The three-year plan comes just weeks after the release of the Biden administration’s implementation plan for the national cybersecurity strategy. The White House plan details a vision of to secure U.S. infrastructure against a surge in criminal and nation-state threat activity.
“We know that connected technologies underpin every aspect of our lives, our businesses, our communities, our families, often in ways that allow us to be more connected, productive, efficient than ever before,” Eric Goldstein, executive assistant director at CISA wrote in a blog post released Friday. “But malicious cyber actors recognize this dependence as well, and continuously work to exploit it for financial or strategic gain.”
The CISA plan revolves around three goals:
- Address immediate threats: Work with partners to gain greater visibility into cyber intrusions, disrupt those campaigns and evict the adversaries.
- Harden the terrain: Support measures to adopt strong security practices and boost resilience, using actionable guidance. Evaluate the progress made to harden potential targets, including critical infrastructure.
- Drive security at scale: Push industry to make security a priority, including the development of security that is embedded into products throughout the lifecycle.
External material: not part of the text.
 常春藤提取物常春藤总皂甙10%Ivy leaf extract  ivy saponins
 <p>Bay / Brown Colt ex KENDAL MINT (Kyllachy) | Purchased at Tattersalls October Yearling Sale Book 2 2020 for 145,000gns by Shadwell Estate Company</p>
Products need to ship with secure defaults and technology companies must be transparent about the ongoing security of their products.
The plan follows and builds on the Biden administration’s national cybersecurity strategy, released in March, which offers a long-term vision regarding how the U.S. plans to secure the nation’s infrastructure against a surge in criminal and nation-state threat activity.
CISA is working closely with private sector stakeholders, critical infrastructure providers and others to get the industry to buy into key areas, including secure-by-design principles and more transparency in the sharing of threat information.
Officials praised CISA for its efforts to continually adjust its strategic priorities in the face of evolving threats.
“CISA is updating and adjusting its strategy on almost an annual basis – exactly what is needed in an emerging technology field,” Mark Montgomery, senior director of the Center on Cyber and Technology Innovation at the Foundation for Defense of Democracies.
But Montgomery raised concerns about CISA’s inability to say what other federal agencies should be doing to address information security issues.
Brandon Pugh, director cybersecurity and emerging threats at R Street Institute, commended the CISA strategy for its focus on addressing new technologies like AI, saying it can have a beneficial impact on cyber defense, but pose a serious risk in the wrong hands.
Pugh also cited CISA’s emphasis on maximizing the limited amount of resources that many stakeholders can bring to the table.
“This is critical, because both CISA and nearly all entities, especially state and local governments and small businesses have limited security budgets and still face evolving cyber threats,” Pugh said via email.
Officials at Cisco, a networking, cloud and security solutions provider, praised the CISA strategic plan, citing its focus on public-private collaboration and the resilience and embedded security of critical technologies.
“Our shared goals include reducing the prevalence of vulnerabilities, cutting time to detection of vulnerabilities and decreasing the impact of incidents when they occur,” Eric Wenger, senior director of technology policy and government affairs at Cisco, said in a statement released Friday. “Network resilience is a key aspect of this problem.”